Direkt zum Hauptbereich

Der Kleine wird gross!


An meinen Grossen, der seinen 10. Geburtstag feiert...
10 Jahre. Ein Jahrzehnt. Zehn mal 365 Tage. Klingt nach viel, ist es aber nicht. Das war doch gerade erst gestern, als du mich mit deinen damals noch sehr dunklen und nachdenklichen Augen ansahst, als wolltest du erst mal sicher gehen, dass du hier richtig bist. Und dann das erste Lächeln. Jenes Lächeln, das heute noch den Raum erhellt, indem du dich befindest. Dieses Lächeln, von dem alle Frauen im Bekanntenkreis behaupten, du würdest damit eines Tages Frauenherzen brechen. Ich hoffe es nicht! Aber meines hast du damit erobert. Und wie!

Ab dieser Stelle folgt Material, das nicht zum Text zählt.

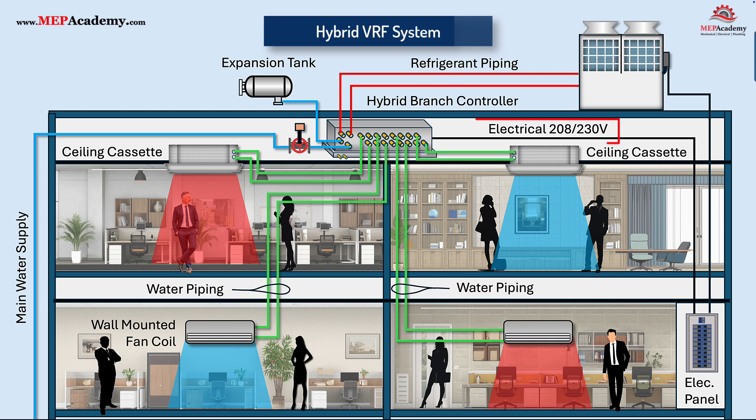The hybrid branch controller will need 208–230 volt power. Of course, power is also required at the outdoor unit and each of the fan coils.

Als du dich vor zehn Jahren aus den Tiefen meines Uterus’ gemeldet hast und auf die Welt kommen wolltest, war ich shoppen. Eine Noch-Nicht-Mutter im Glattzentrum. Mit deiner Nonna. Natürlich konnte ich ihr nicht sagen, dass ich offenbar gerade im Begriff war, ihr Enkelkind im Neonlicht zur Welt zu bringen. So schnell bin ich die Strecke bis nach hause gefahren. Und am nächsten Tag war ich schon die Bald-Rabenmutter!

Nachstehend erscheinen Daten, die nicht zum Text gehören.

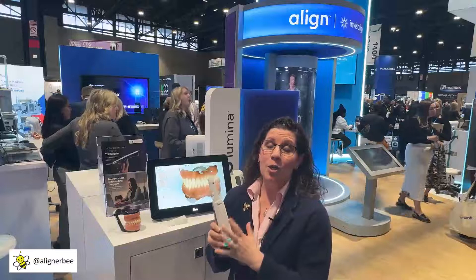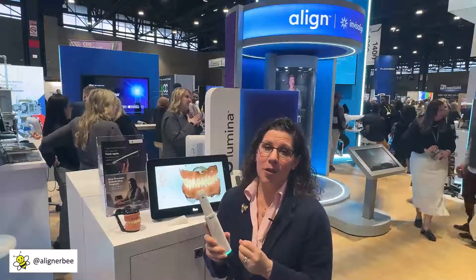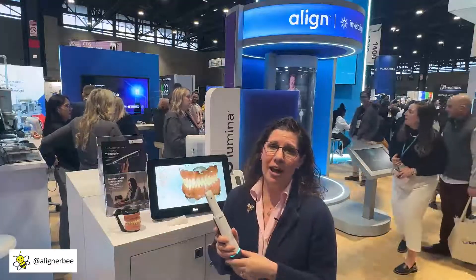The first point is the new wand design. As we can see, it is significantly smaller, so that is a great pro for a lot of doctors and team members that have smaller hands.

Das heisst, unterwegs musste ich auch noch halten: Hagelsturm. Hysterisch, wie ich langsam war, rief ich deinen Papa an, der darauf nicht minder hysterisch mit seiner Vespa nach hause raste (eigentlich hast du Glück, das deine Eltern jenen Tag überlebt haben...).

Am nächsten Tag warst du da. Die Einzelheiten erspare ich dir, es gibt wenig Schlimmeres als die Mutter, die ihren Kindern dauernd vorhält, wie furchtbar anstrengend ihre Geburt doch war!

Seit jenem Tag füllst du mein Herz mit soviel Freude und Stolz, dass ich sprichwörtlich manchmal zu platzen drohe. Natürlich nervst du auch manchmal, wie alle Kinder. Doch du wohnst seit zehn Jahren in meinem Herzen und da ist wenig Platz für schlechte Gefühle. 

Das kann einem aber auch niemand erklären, bevor man es selber erlebt hat: Diese absolut bedingungslose Liebe, die immer da ist, auch wenn ich dich wiedermal ins Zimmer geschickt habe, weil du mich geärgert hast und du mich von oben anbrüllst, wie unfair das sei. Dieses Gefühl von Zusammengehörigkeit, wir als Familie gegen den Rest der Welt!

Heute wirst du 10 Jahre alt und ich fürchte mich jetzt schon davor, deinen 20. Geburtstag zu feiern. Werden die nächsten zehn Jahre genauso schnell vorbei gehen? Oder gar noch schneller? Wirst du dann immer noch so viel von dir und deinem Alltag erzählen, um uns an deinem Leben ausserhalb unsere Heims teilhaben zu lassen? Wird dein Lächeln die Sonne immer noch in den Schatten stellen? (Ziemlich sicher schon.)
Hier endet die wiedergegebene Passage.